# Directions
The lines to be extracted begin at the line containing "Houston's River Oaks (inbunden)" and end at the last line of the data below; copy them exactly and leave out the pictures.
Source data Start Marker
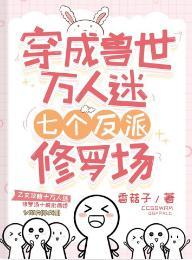 穿成兽世万人迷,七个反派修罗场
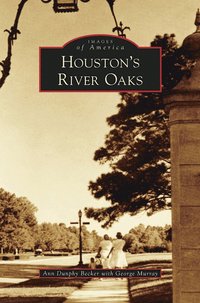 Houston's River Oaks (inbunden)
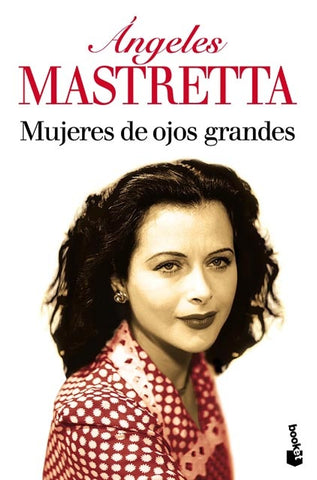 MUJERES DE OJOS GRANDES | Angeles Mastretta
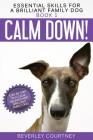 Calm Down!: Step-by-Step to a Calm, Relaxed, and Brilliant Family Dog By Beverley Courtney Cover Image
Source data End Marker
# Your solution
 Houston's River Oaks (inbunden)
 MUJERES DE OJOS GRANDES | Angeles Mastretta
 Calm Down!: Step-by-Step to a Calm, Relaxed, and Brilliant Family Dog By Beverley Courtney Cover Image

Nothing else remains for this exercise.